Ingrid Rumpf, die Vorsitzende des Vereins "Flüchtlingskinder im Libanon", führte am Freitag in die Ausstellung ein; neben ihr der Vorsitzende des Fördervereins Villa Eugenia, Joachim Wien, der die umstrittene Ausstellung in der Villa ermöglichte. Foto: Maute

Kritiker versuchen erfolglos, "Nakba"-Ausstellung zu verhindern. Viele Gäste bei Eröffnung.

Hechingen - Die "Nakba"-Ausstellung ist am Freitagabend in der Villa Eugenia eröffnet worden. Aufgegriffen wird ein brisantes Thema, das auch in Hechingen für viel Wirbel sorgt.

"Ohne Verständnis für die berechtigten Anliegen beider Seiten kann es keinen Frieden geben", betonen Unterstützer der "Nakba"-Ausstellung, die sich mit Flucht und Vertreibung der Palästinenser 1948 befasst. Kritiker attestieren ihr hingegen, einseitig zu sein.

"Eine derart schmerzhafte Reise in die Vergangenheit ist der einzige Weg nach vorn, wenn wir eine bessere Zukunft für uns alle, Palästinenser wie Israelis, schaffen wollen." Dieser Satz des israelischen Historikers Ilan Pappe, auf dessen Bedeutung der Vorsitzende des Fördervereins Villa Eugenia, Joachim Wien, bei der Vernissage am Freitag verwies, prangt wie ein Mahnmal auf der Titeltafel der Ausstellung. Die im Jahre 2008 vom Verein "Flüchtlingskinder im Libanon" konzipierte Schau war bisher in 155 deutschen Städten zu sehen. In der Zollernstadt, wo sie in der Villa Eugenia im Beisein zahlreicher Gäste eröffnet wurde, wird sie von der Hechinger Amnesty-International-Gruppe präsentiert. Die musikalische Umrahmung übernahm der bekannte Liedermacher Thomas Felder.

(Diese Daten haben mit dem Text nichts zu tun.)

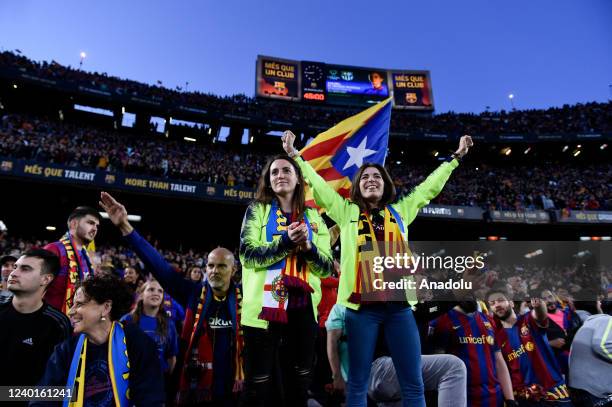Barcelonaâs supporters cheers his team during the UEFA Women's Champions League Semi Final First Leg match between FC Barcelona and VfL Wolfsburg at...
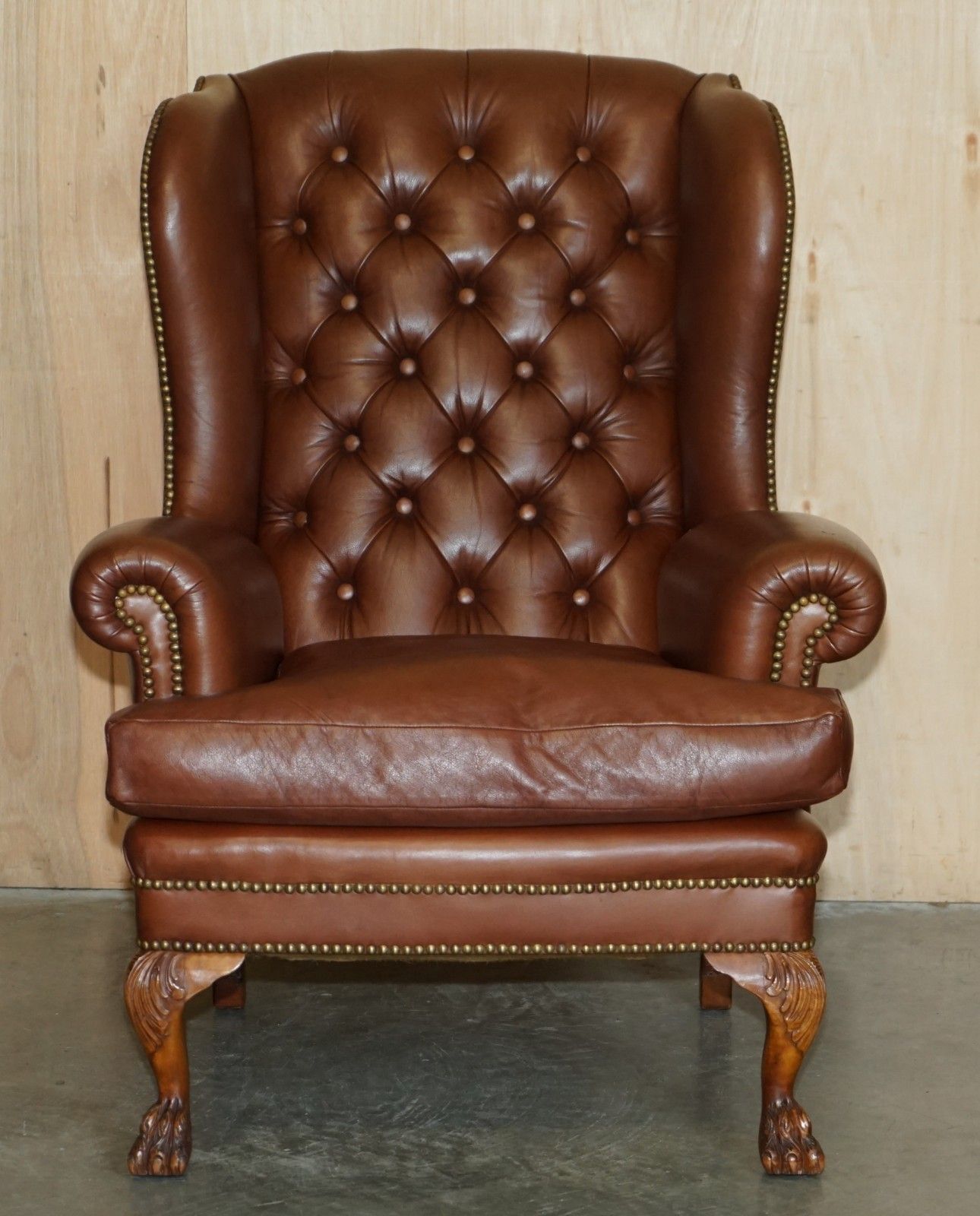 Stunning Pair Of Lion's Hairy Paw Feet Chesterfield Tufted Wingback Armchairs photo Furniture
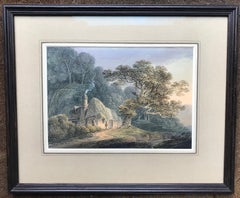 A Thatched Cottage - 19th century landscape painting by William Payne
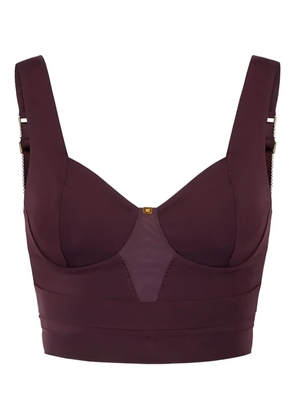 Elisabetta Franchi topstitching tulle top - Neutrals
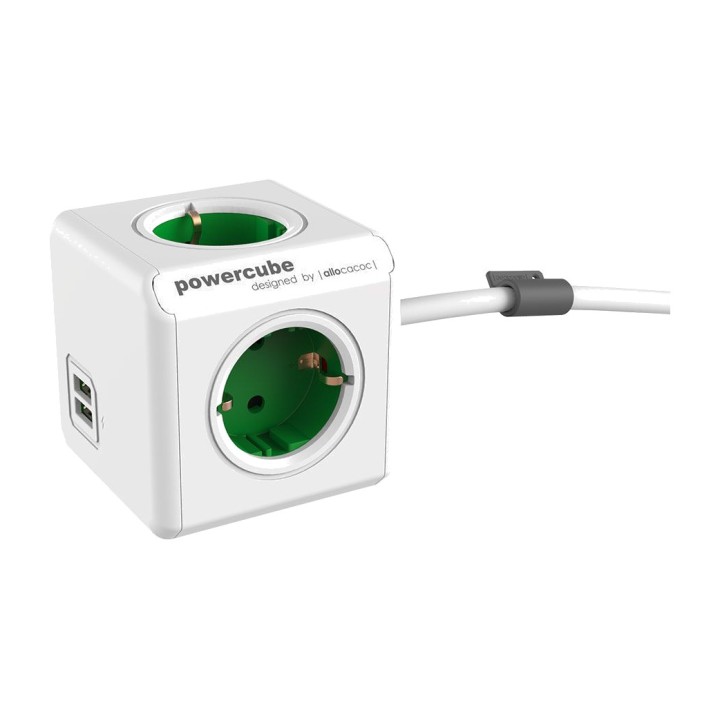 POWERCUBE Prelungitor cu 4 prize și 2 porturi USB EXTENDED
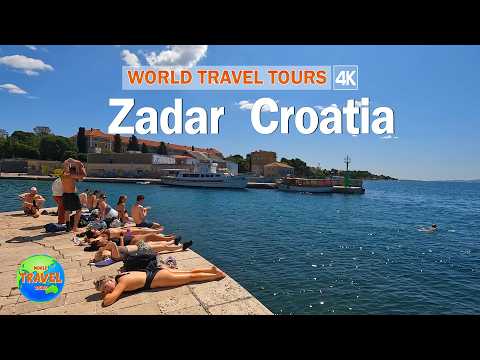 Zadar, Croatia old town walking tour 4K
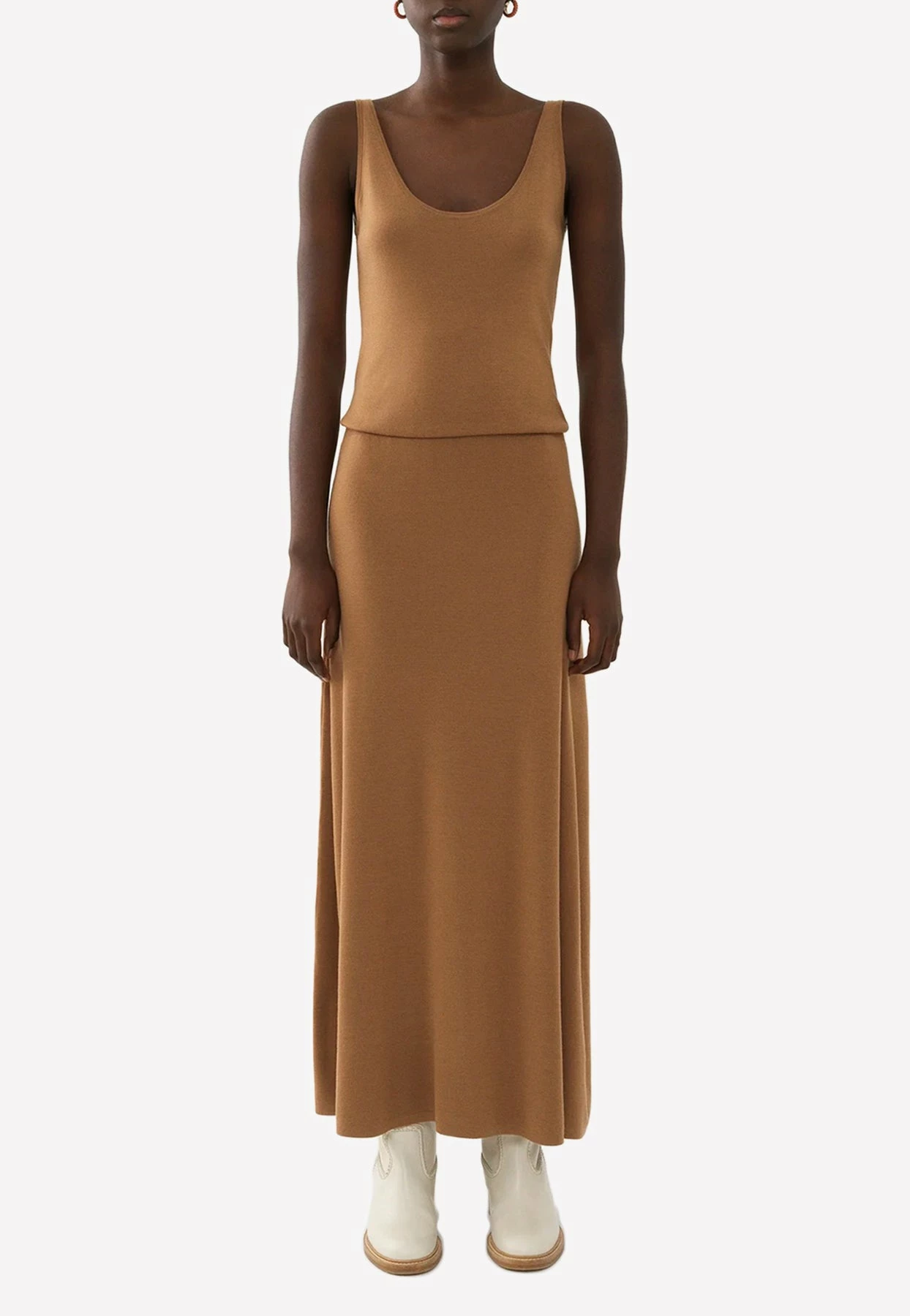 Chloé Straight Wool Tank Dress Camel 1 Chloé Straight Wool Tank Dress Camel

Im arabischen Sprachgebrauch steht "Nakba", deutsch "Katastrophe", für die Flucht und Vertreibung der arabischen Palästinenser während der Gründung des Staates Israel. "Ohne die Kenntnis und ohne eine gebührende Anerkennung dieser Seite des Konflikts werden Aussöhnung, Gerechtigkeit und Frieden im Nahen Osten keine Chance haben", ist der Verein "Flüchtlingskinder im Libanon" überzeugt. 13 Tafeln thematisieren Geschehnisse und Folgen und beleuchten das Leid der palästinensischen Flüchtlinge.

Gleichwohl, so machte die Hechinger Amnesty-Vorsitzende Françoise Schenkel deutlich, beschäftige sich Amnesty nicht mit historischen Fakten. Anliegen der Organisation sei vielmehr, dass Menschenrechte grundsätzlich eingehalten würden. Eine Schlüsselposition nehme dabei das in der Menschenrechtserklärung verankerte Recht auf Rückkehr ein. "Amnesty fordert, dass es den Palästinensern, die geflohen sind, erlaubt ist, ihr Recht auf Rückkehr auszuüben", so Françoise Schenkel, die ausdrücklich betonte, dass Gleiches auch für israelische Bürger gelte. Denn Amnesty unterscheide nicht zwischen Israel oder Palästina, sondern prangere Menschenrechtsverletzungen in beiden Ländern an.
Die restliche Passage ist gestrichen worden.